Наконец-то прибежала бабушка. Опустившись на колени около Ива, она приказала мне отнять руки от его раны, но я не смогла этого сделать, словно мои пальцы намертво прилипли, к тому же мне казалось, что если я отниму руки от раны, Ив непременно умрет. Поэтому я в ответ лишь помотала головой, говорить я уже не могла, в бабушкиных руках появилась склянка, откупорив её, бабушка стала поливать на мои пальцы жидкость зеленоватого цвета, она хоть и казалась густой, как-то очень быстро протекла между моих пальцев на рану Ива. Я смогла отнять руки, мой страх, что как только я отниму руки, кровь из раны Ива хлынет вновь, не оправдался, кровь даже не сочилась. Бабушкино снадобье впитывалось в рану на шею Ива, как желе, эта масса колыхалась в ране Ива, но удивительно цепко держалась в ней, и не давала крови вытекать. Кроме нас с бабушкой никто не видел этого зрелища, бабушка не велела подходить близко, поэтому никто не увидел и истинного размера и глубины пореза. Желеобразным вещество оставалось недолго, вскоре вещество стало вязким, дождавшись загустения до корки на ране Ива, бабушка наложила на неё повязку, и позволила его отцу унести сына домой. Меня тоже бабушка повела домой, как мы дошли до дома, я не помню, почти не помню и последующих двух суток. В себя я приходила ненадолго, бабушка успевала чем-то напоить меня, и я снова проваливалась в забытье. У неё были встревоженные глаза, и я всё хотела сказать, что со мной будет всё в порядке, но не могла вымолвить ни слова.
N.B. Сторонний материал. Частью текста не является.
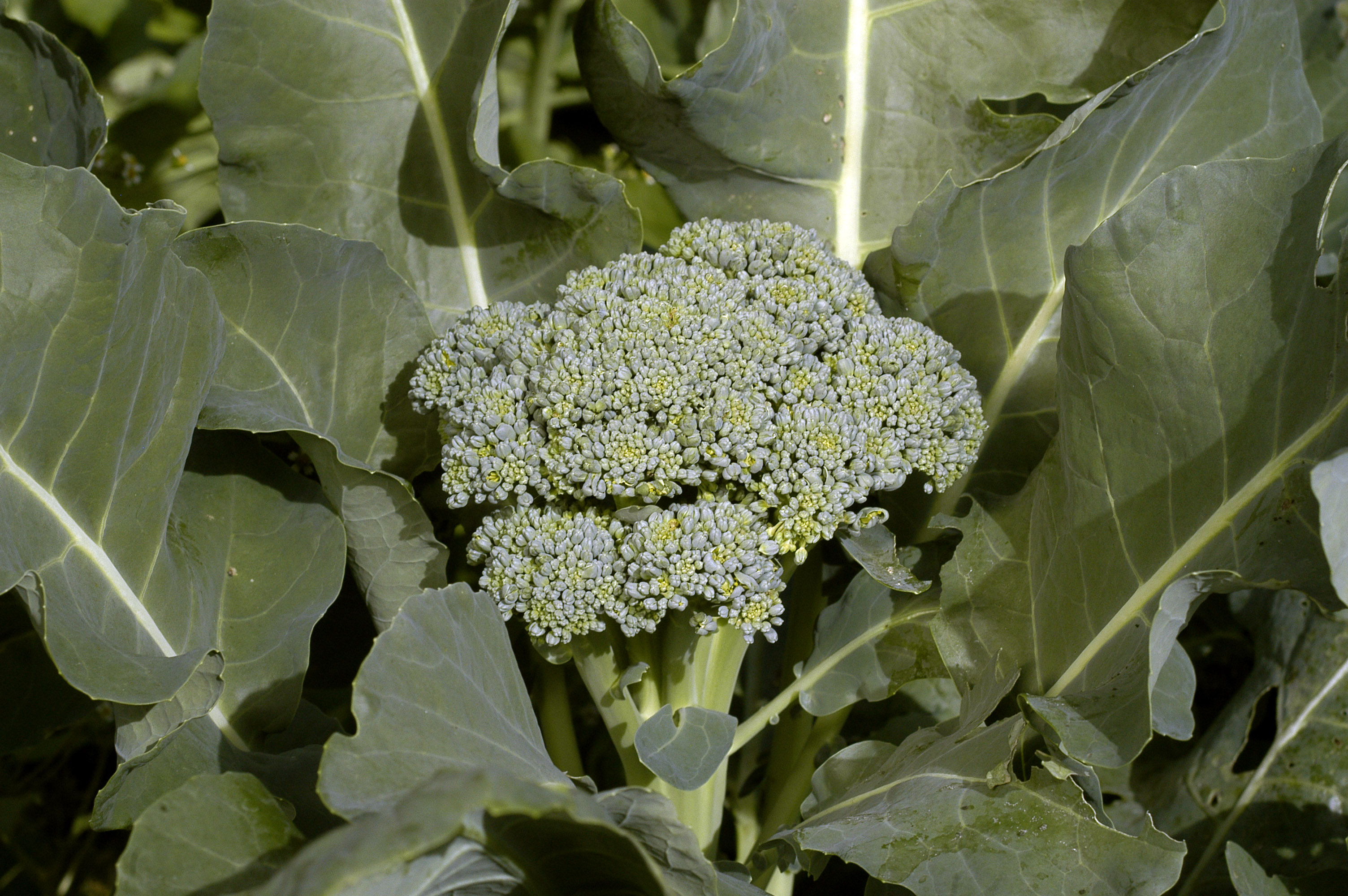 De Cicco Broccoli, 2 g : Southern Exposure Seed Exchange, Saving the ...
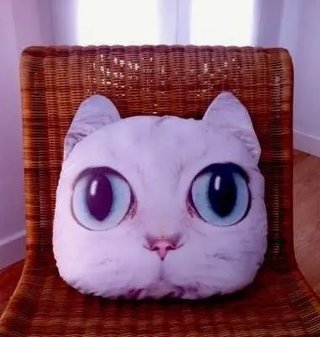 Cojín gato blanco con orejas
Наконец, я пришла в себя, но была так слаба, что ещё сутки бабушка не давала мне встать с постели. Мне не давали покою мысли об Иве, как можно скорее мне хотелось увидеть его самой, несмотря на бабушкины уверения, что хоть Ив все ещё находится без сознания, опасность миновала. Бабушка позволила навестить Ива на пятый день, я уже не только вставала, но и уже могла ходить по дому. Но прежде, чем мне отправиться к нему, между нами состоялся разговор.

– Ты спасла Иву жизнь, – так бабушка начала этот разговор.

Я и сама это знала, как знала и то, что рана, полученная им неизвестно откуда взявшимся во дворе осколком серпа, была смертельна.

– Тебе уже восемь лет, Розелин. Я хочу тебе кое-что рассказать. Ты помнишь, что ты сделала, когда увидела рану на шее Ива?

Я кивнула. Бабушка продолжила:

– Своими ладошками ты закрыла рану, но одно это обстоятельство не спасло бы его от смерти. Ты помнишь, как твои ладошки словно вросли в рану?

Я снова кивнула.

– На них выступил норт. Именно нортом ты спасла жизнь Иву, когда зажала ему рану на шее, из твоих ладоней стал сочиться норт такой консистенции, какая позволила связать рану Ива. Это очень сложно получить норт нужного качества, это даётся не сразу, необходим определённый душевный настрой и долгие годы тренировок. Твоё желание исцелить Ива затмило всё, твой разум подчинил тело только этой цели, и инстинкт заработал. Инстинкт спасения жизни.

Я понимала, что бабушка говорит вещи неприемлемые, это испугало меня. Между тем бабушка продолжила.

– Все эти дни я очень боялась за твою жизнь, ведь твоё недомогание, это последствие слишком большое количество норта, выработанного твоим организмом для Ива. Ты ещё слишком юна и совсем неопытна, чтобы уметь вовремя, без последствий для себя останавливать вытекающий норт. Ты видела, что я вылила из склянки на шею Ива? Это тоже норт, мой норт. Мы с тобой рождены не такими, как все, моя девочка. И норт – это не единственное наше отличие от обычных людей, среди которых мы живём с тобой. Ты постепенно узнаешь их все, а сейчас тебе достаточно знать, что ты не похожа на других детей, ты должна это понять и хорошенько запомнить. Не старайся быть такой, как они, тебе это всё равно не удастся. Теперь ты можешь идти к Иву, но я тебя прошу, никому, даже Иву, не рассказывай о норте и о том, что я тебе сказала сейчас. Хорошо?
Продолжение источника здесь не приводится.